### Data Collection  

In this phase, we gather customer reviews and ratings from the Skytrax airline quality website. The dataset includes airline ratings, seat ratings, and lounge experience reviews.

In [None]:
#imports
import pandas as pd
from bs4 import BeautifulSoup
import requests
import os

In [None]:
#create an empty list to collect all reviews, stars, dates, countries.
reviews, stars, dates, countries = [], [], [], []

We collect airline review data from the Skytrax website by scraping multiple pages. The script extracts customer reviews, star ratings, review dates, and reviewer countries. This data will be used for further analysis of customer feedback.

In [None]:
for i in range(1, 41):
    url = f"https://www.airlinequality.com/airline-reviews/british-airways/page/{i}/?sortby=post_date%3ADesc&pagesize=100"
    response = requests.get(url)
    soup = BeautifulSoup(response.content, "html.parser")  

   
    for item in soup.find_all("div", class_="text_content"):
        reviews.append(item.text.strip())

 
    for item in soup.find_all("div", class_="rating-10"):
        star = item.span.text.strip() if item.span else "No rating"
        stars.append(star)

   
    for item in soup.find_all("time"):
        dates.append(item.text.strip())

    
    for item in soup.find_all("h3"):
        country = item.span.next_sibling.text.strip(" ()") if item.span else "Unknown"
        countries.append(country)

    print(f"✅ Page {i} processed. Collected {len(reviews)} reviews.")

✅ Page 1 processed. Collected 100 reviews.
✅ Page 2 processed. Collected 200 reviews.
✅ Page 3 processed. Collected 300 reviews.
✅ Page 4 processed. Collected 400 reviews.
✅ Page 5 processed. Collected 500 reviews.
✅ Page 6 processed. Collected 600 reviews.
✅ Page 7 processed. Collected 700 reviews.
✅ Page 8 processed. Collected 800 reviews.
✅ Page 9 processed. Collected 900 reviews.
✅ Page 10 processed. Collected 1000 reviews.
✅ Page 11 processed. Collected 1100 reviews.
✅ Page 12 processed. Collected 1200 reviews.
✅ Page 13 processed.
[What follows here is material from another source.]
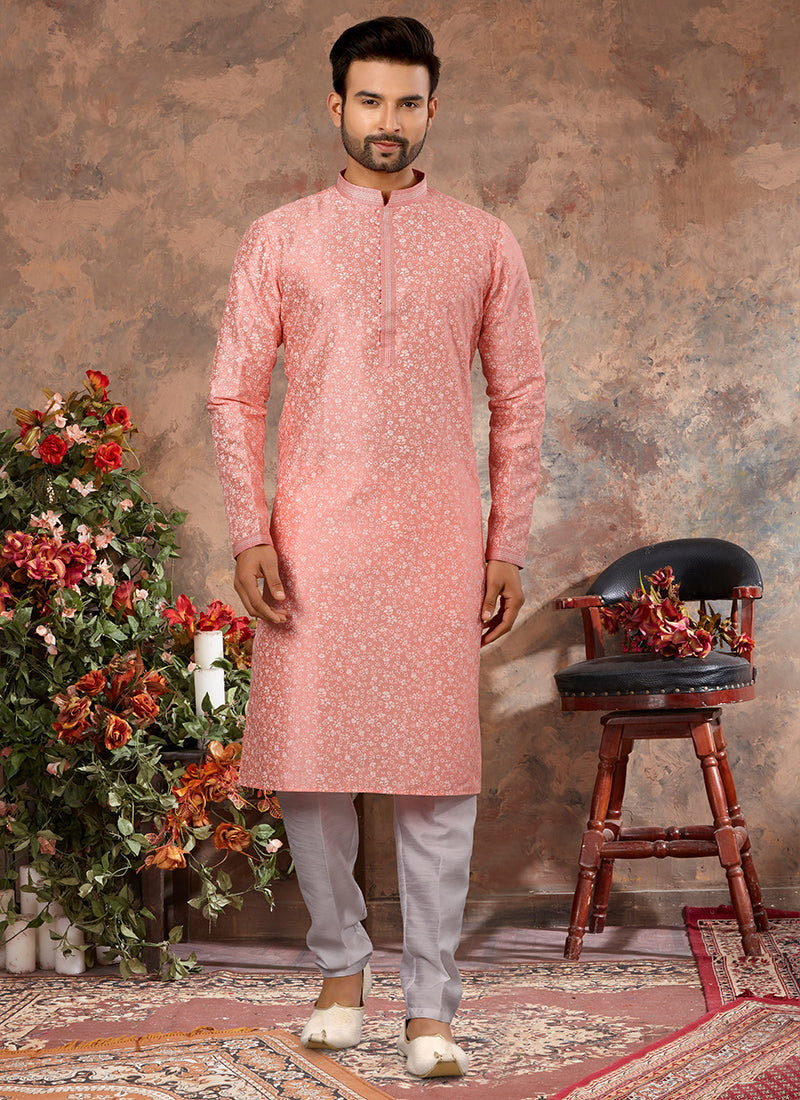 Pink Silk Mens Kurta Pyjama Set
Collected 1300 reviews.
✅ Page 14 processed. Collected 1400 reviews.
✅ Page 15 processed. Collected 1500 reviews.
✅ Page 16 processed. Collected 1600 reviews.
✅ Page 17 processed. Collected 1700 reviews.
✅ Page 18 processed. Collected 1800 reviews.
✅ Page 19 processed. Collected 1900 reviews.
✅ Page 20 processed. Collected 2000 reviews.
✅ Page 21 processed. Collected 2100 reviews.
✅ Page 22 processed. Collected 2200 reviews.
✅ Page 23 processed. Collect

To ensure consistency in our dataset, we align the lengths of all extracted lists. The script trims each list to match the shortest one, preventing misalignment issues during data processing.

In [None]:
print(len(reviews), len(stars), len(dates), len(countries))

3924 3924 3924 3924


In [45]:
min_length = min(len(reviews), len(stars), len(dates), len(countries))
reviews, stars, dates, countries = reviews[:min_length], stars[:min_length], dates[:min_length], countries[:min_length]

In [None]:
#create  a dataframe from these collected lists of data
df = pd.DataFrame({
    "Review": reviews,
    "Stars": stars,
    "Date": dates,
    "Country": countries
})

In [None]:
df.head()

Unnamed: 0,Review,Stars,Date,Country
0,✅ Trip Verified | Flight mainly let down by ...,5,19th March 2025,United Kingdom
1,✅ Trip Verified | Another awful experience b...,7,16th March 2025,United States
2,"✅ Trip Verified | The service was rude, full...",1,16th March 2025,United States
3,✅ Trip Verified | This flight was a joke. Th...,3,16th March 2025,United States
4,✅ Trip Verified | This time British Airways ...,1,7th March 2025,United Kingdom


In [49]:
df.shape

(3924, 4)

#### Export the data into a csv format

In [50]:
df.to_csv("BA_reviews.csv")
print("Data successfully collected and saved to BA_reviews.csv!")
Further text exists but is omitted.